My point (I think I may have one) is that while women were repeatedly told how they should behave, there were a decent number who did something different (not just writers; they happen to be the ones Im most familiar with). The Tudor period was one filled with limitations and restrictions on opportunities for women, and I love reading about the ones who quietly (and not so quietly) worked with, through and around those rules.
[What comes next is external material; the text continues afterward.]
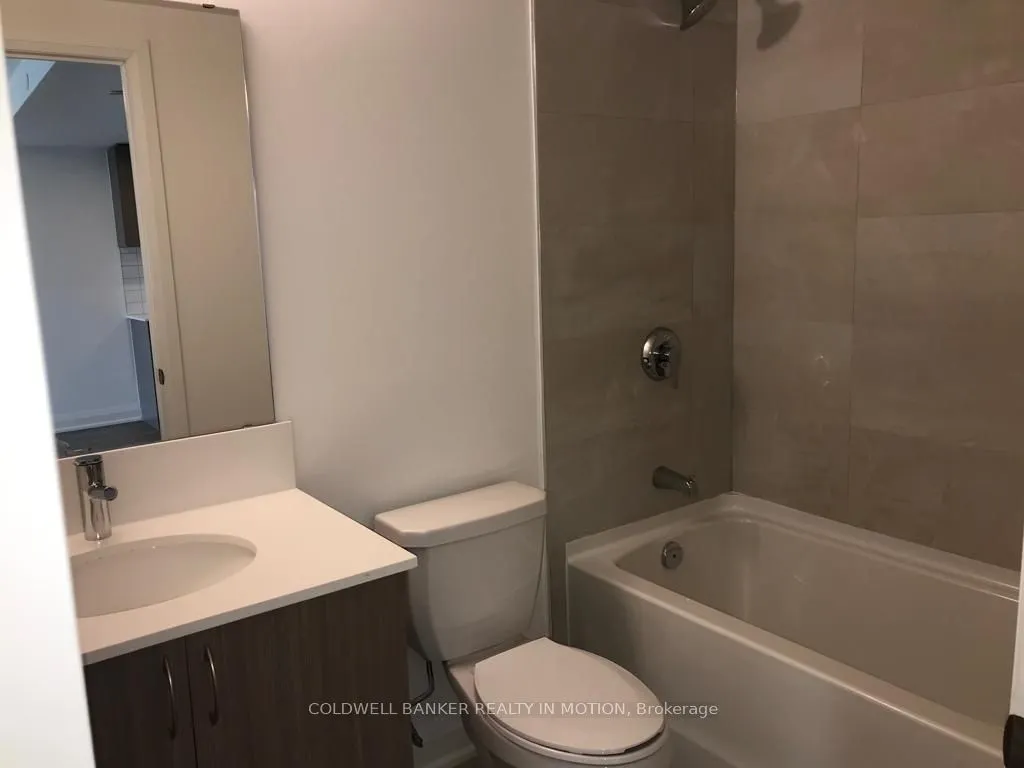 58 LAKESIDE Terrace, #212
On roistering in Southwark: Moll Cutpurse could roister with the best of them. And Isabella Whitney's poetic romp through London's streets and neighborhoods comes close.
--kate
Again on outlets for women, I recommend reading Barbara Harris's "English Aristocratic Women: Marriage and Family, Property and Careers, 1450-1550." It details the many, many ways in which women were able to find outlets for their talents and energies, often in direct contradiction to their theoretical prescribed gender role. I also recommend Marjorie Keniston McIntosh's "Working Women in English Society, 1300-1620" for a similar approach to non-aristocratic women. Together the two books demonstrate Kate's assertion very well: theoretical ideals were often very different from real practice.